» What you have to do: Skip the pictures. Retype exactly, and only, the lines between the line holding "Kendall Jenner en" and the last line below, inclusive.
= = = = =
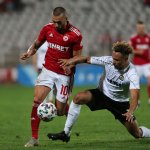 ЦСКА - Славия 1:1 — Източник: cska.bg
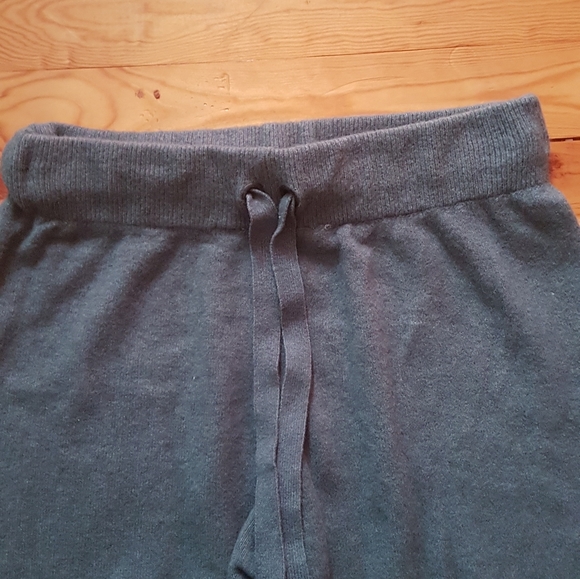 NWOT ZARA knit jogger pants - Picture 2 of 2
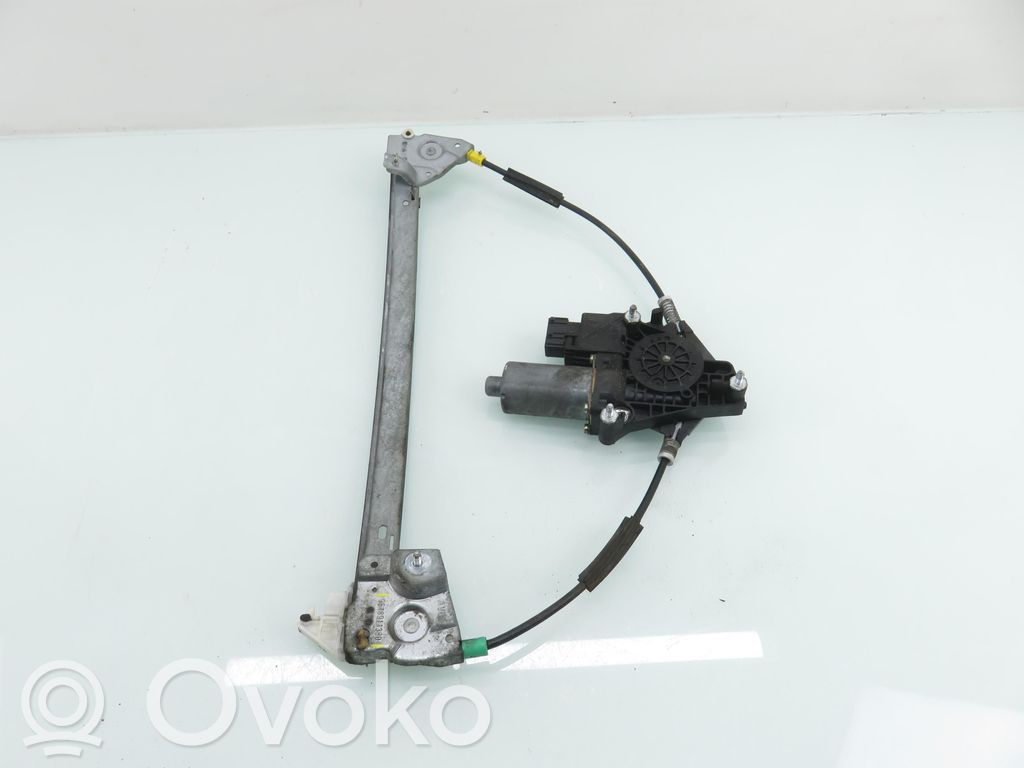 Peugeot 406 Elektryczny podnośnik szyby drzwi przednich 
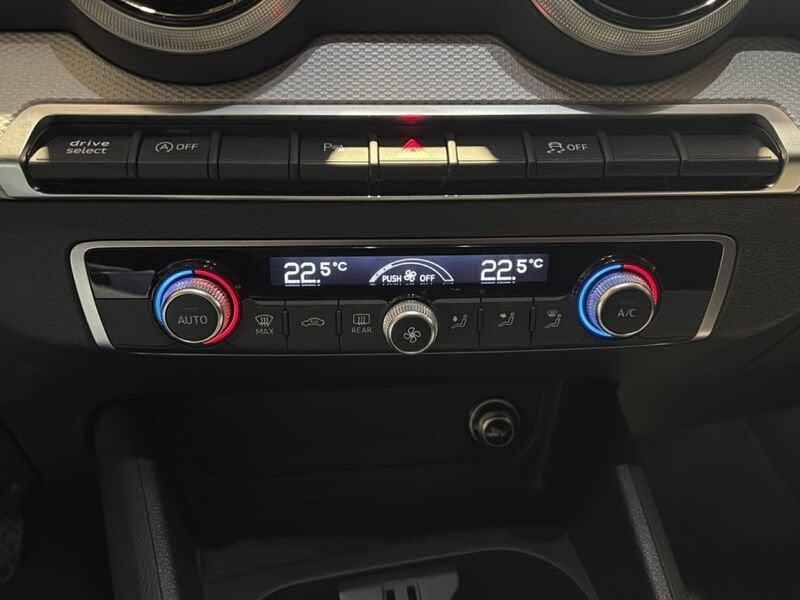 Audi Q2 2.0 30 TDI S LINE ED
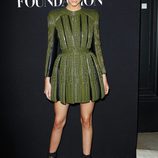 Kendall Jenner en la fiesta Vogue de la Semana de la Alta Costura de París otoño 2014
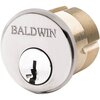 Polished Nickel Lifetime Finish-055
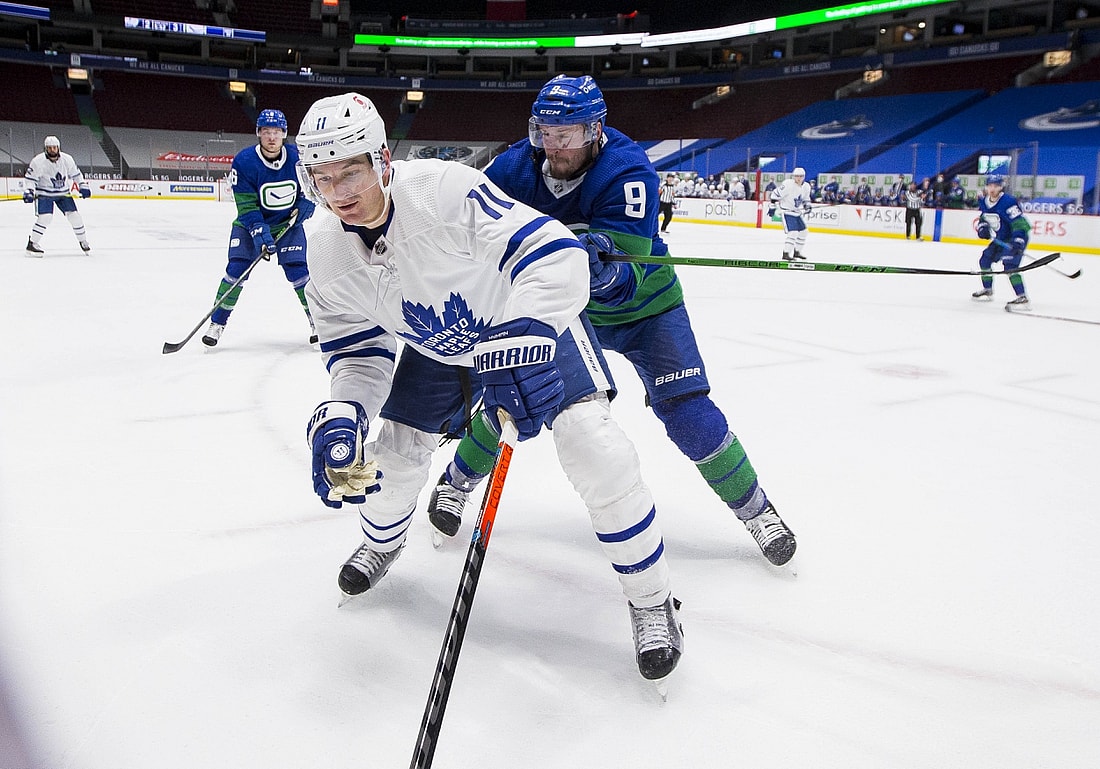 Top 20 NHL free agents of 2021: Zach Hyman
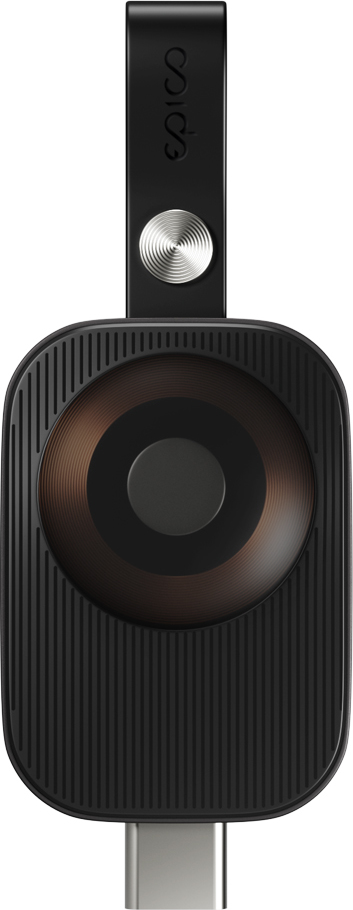 Epico UltraBase mini USB-C nabíječka Apple Watch EO20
= = = = =
» Response for this exercise:
 Kendall Jenner en la fiesta Vogue de la Semana de la Alta Costura de París otoño 2014
 Polished Nickel Lifetime Finish-055
 Top 20 NHL free agents of 2021: Zach Hyman
 Epico UltraBase mini USB-C nabíječka Apple Watch EO20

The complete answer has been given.